The chance that you lose due to "bottom deck" is X /N (where N is number of cards remaining in the deck). This means that the primary choice a team should make, is whether to aim for "guaranteed" perfect score, or "likely" perfect score.
After the strategy choice, comes convention. Convention tells you what meta-information you assign to the clues. This is completely arbitrary, and unfortunately the source of a lot of toxicity. This player
https://boardgamearena.com/player?id=83880676 once proposed something extremely-meta: Use red-clue to indicate play position 1; use yellow-clue to indicate play-position 2; etc. Use 1s-clue to save 1 card; use 2s-clue to save 2 cards, etc. People would call this "cheating", and "it wasn't logic", but this meta-information is just as arbitrary as the assumption that a marked card is useful (junk cards aren't marked).

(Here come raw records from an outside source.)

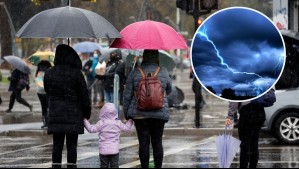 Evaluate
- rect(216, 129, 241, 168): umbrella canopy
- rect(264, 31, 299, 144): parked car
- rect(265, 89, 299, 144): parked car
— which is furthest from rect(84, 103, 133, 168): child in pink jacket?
rect(265, 89, 299, 144): parked car

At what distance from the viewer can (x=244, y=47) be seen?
10062 millimetres

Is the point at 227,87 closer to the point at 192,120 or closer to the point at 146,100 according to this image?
the point at 146,100

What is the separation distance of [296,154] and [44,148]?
464cm

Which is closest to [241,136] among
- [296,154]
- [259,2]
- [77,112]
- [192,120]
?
[77,112]

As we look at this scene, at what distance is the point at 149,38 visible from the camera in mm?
11648

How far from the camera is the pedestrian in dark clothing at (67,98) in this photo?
36.4 ft

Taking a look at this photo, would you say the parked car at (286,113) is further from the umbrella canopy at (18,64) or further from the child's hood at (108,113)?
the umbrella canopy at (18,64)

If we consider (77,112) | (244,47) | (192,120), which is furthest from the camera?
(192,120)

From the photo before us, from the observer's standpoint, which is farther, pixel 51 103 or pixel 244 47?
pixel 51 103

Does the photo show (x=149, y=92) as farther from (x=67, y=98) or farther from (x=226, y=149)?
(x=226, y=149)

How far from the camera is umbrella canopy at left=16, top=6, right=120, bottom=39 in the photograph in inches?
460

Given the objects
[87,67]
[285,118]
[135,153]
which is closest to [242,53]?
[135,153]

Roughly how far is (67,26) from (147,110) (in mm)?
1619

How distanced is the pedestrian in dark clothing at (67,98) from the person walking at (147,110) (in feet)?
1.81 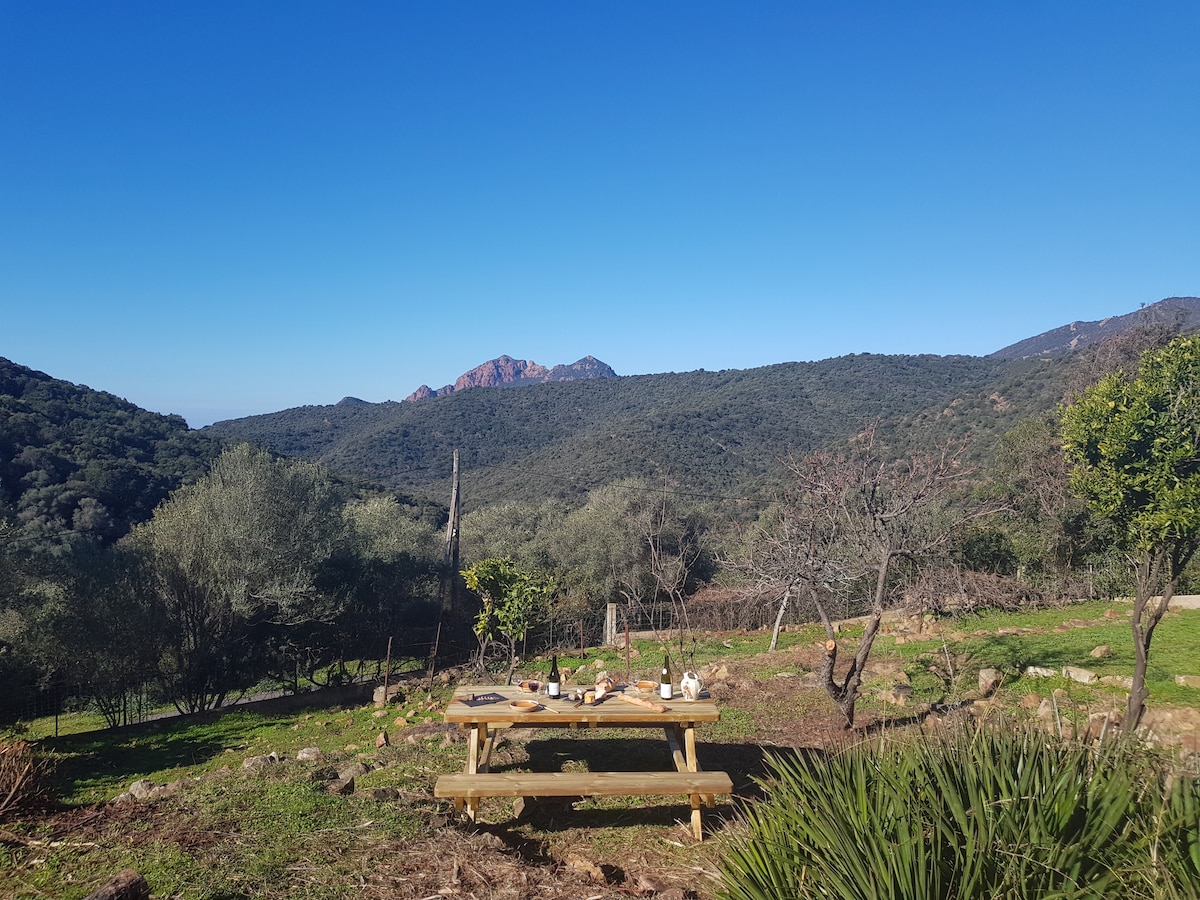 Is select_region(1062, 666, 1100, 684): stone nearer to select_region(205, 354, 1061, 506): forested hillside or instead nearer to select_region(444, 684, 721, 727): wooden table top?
select_region(444, 684, 721, 727): wooden table top

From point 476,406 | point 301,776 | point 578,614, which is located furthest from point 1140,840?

As a final word, which is a second source for toxicity: ELO. Using the ELO tables as described, removes the correlation between skill and ELO. Not getting perfect score should, in my opinion, be assigned negative ELO-points, since perfect score is almost always possible. In addition, the tables that are linked imply that it is easier to get perfect score in 2player mode, while this is the hardest variant to play (because the team members have the least amount of information). Also, the "elasticity factor" for ELO is extremely low. Since you can get a maximum of +10, or -10 points, it takes >70 perfect games to become master, or >50 games for a rank-inflater (~1200 ELO) to drop below master (master = 700 ELO). Since you can filter tables on ELO (and not on skill), you want there to be a correlation between skill and ELO, and preferably one that matches the (arbitrary) levels set by BGA (100, 200, 300, 500, 700). I've recommended to cap ELO for hanabi (and other cooperative games) at 1000 points, where 1000 points should reflect: has gotten perfect score in the last 20 - 30 games. (100.0%). (And 700 points means has gotten perfect score in 70.0% of the last 20 - 30 games.) Perhaps this can somehow be addressed in the wiki?